Fresh & Zesty Shrimp Over Wild Rice

1 1⁄2 pounds jumbo shrimp (about 30-35 jumbo shrimp), peeled and deveined
2 tsp extra-virgin olive oil, divided
5 garlic cloves, crushed
2 tbsp lime juice (from 1 medium lime)

1⁄4 tsp ground cumin
4 tbsp chopped fresh cilantro
salt and pepper to taste

1 Cup Wild Rice
2 Cups Organic Chicken or Veg Broth

Bring 2 cups broth and wild rice to boil. Season with salt/pepper and splash of olive oil. Once boiling, reduce heat and simmer over low heat for 15-18 minutes with the lid on tightly.

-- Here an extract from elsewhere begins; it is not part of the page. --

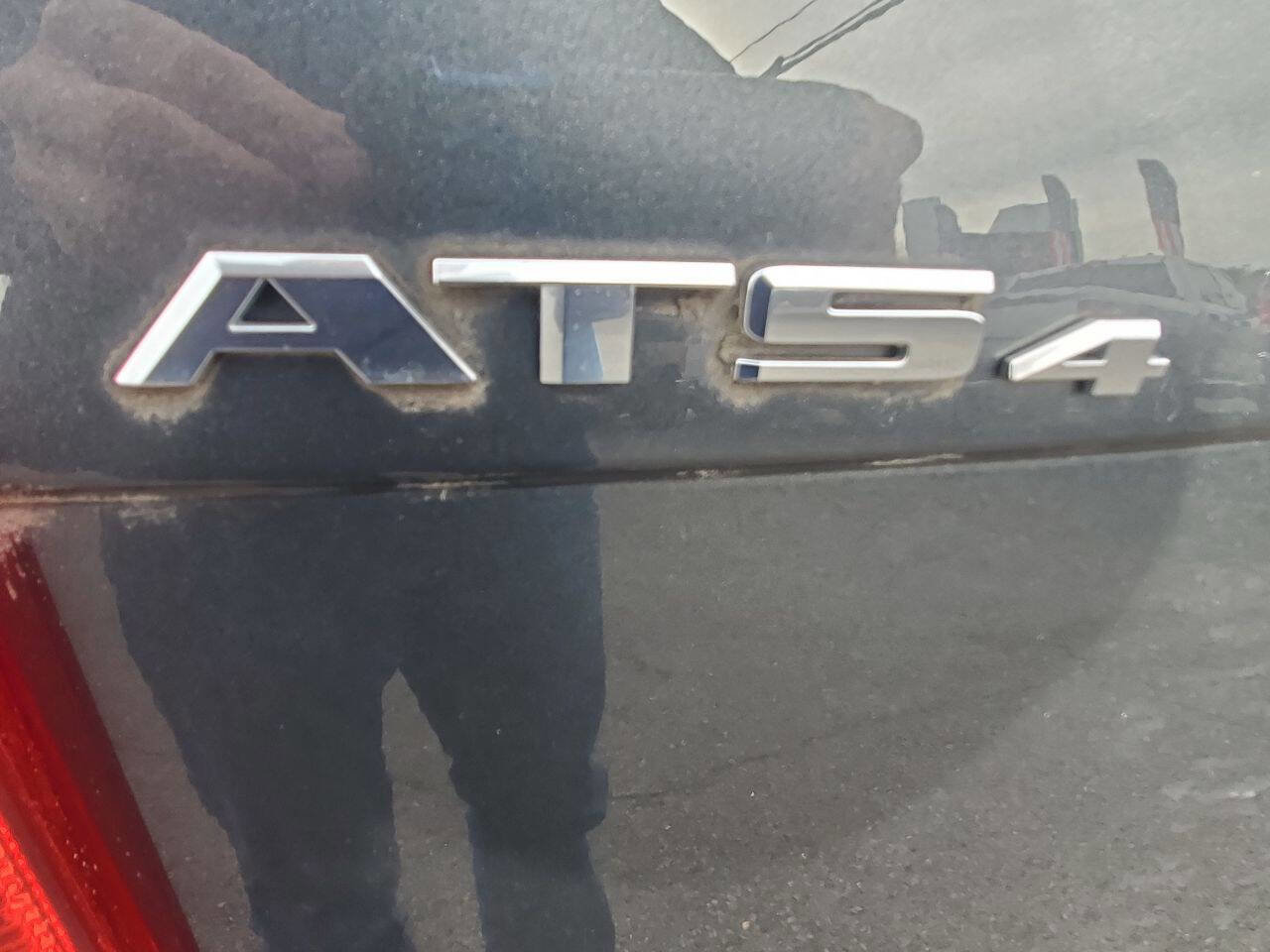 Used 2016 Cadillac ATS Luxury w/ Sun And Sound Package image 24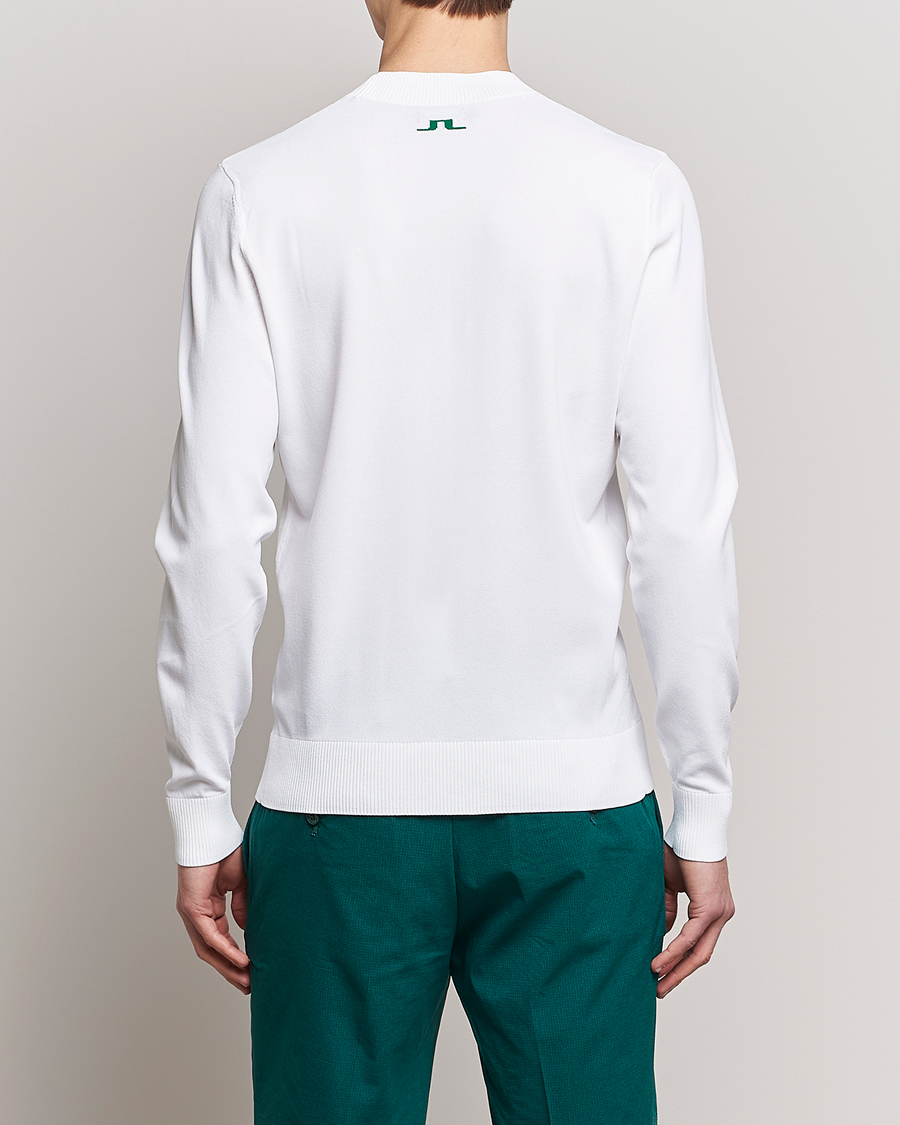 Herren | Pullover | J.Lindeberg | Gus Knitted Sweater White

Season the shrimp with cumin, and salt and pepper to taste. Heat a large nonstick skillet over medium-high heat. Add 1 teaspoon of the oil to the pan, then add half of the shrimp. Cook them undisturbed for about 2 minutes. Turn the shrimp over and cook until opaque throughout, about 1 minute. Transfer to a plate.

Add the remaining 1 teaspoon oil and the remaining shrimp to the pan and cook, undisturbed, for about 2 minutes. Turn the shrimp over, add the garlic, and cook until the shrimp is opaque throughout about 1 minute.

Return the first batch of shrimp to the skillet, mix well so that the garlic is evenly incorporated and remove the pan from the heat. Squeeze the lime juice over all the shrimp. Add the cilantro, toss well, and serve.

Serve with 1 cup Wild Rice + Green salad! Makes 4 servings.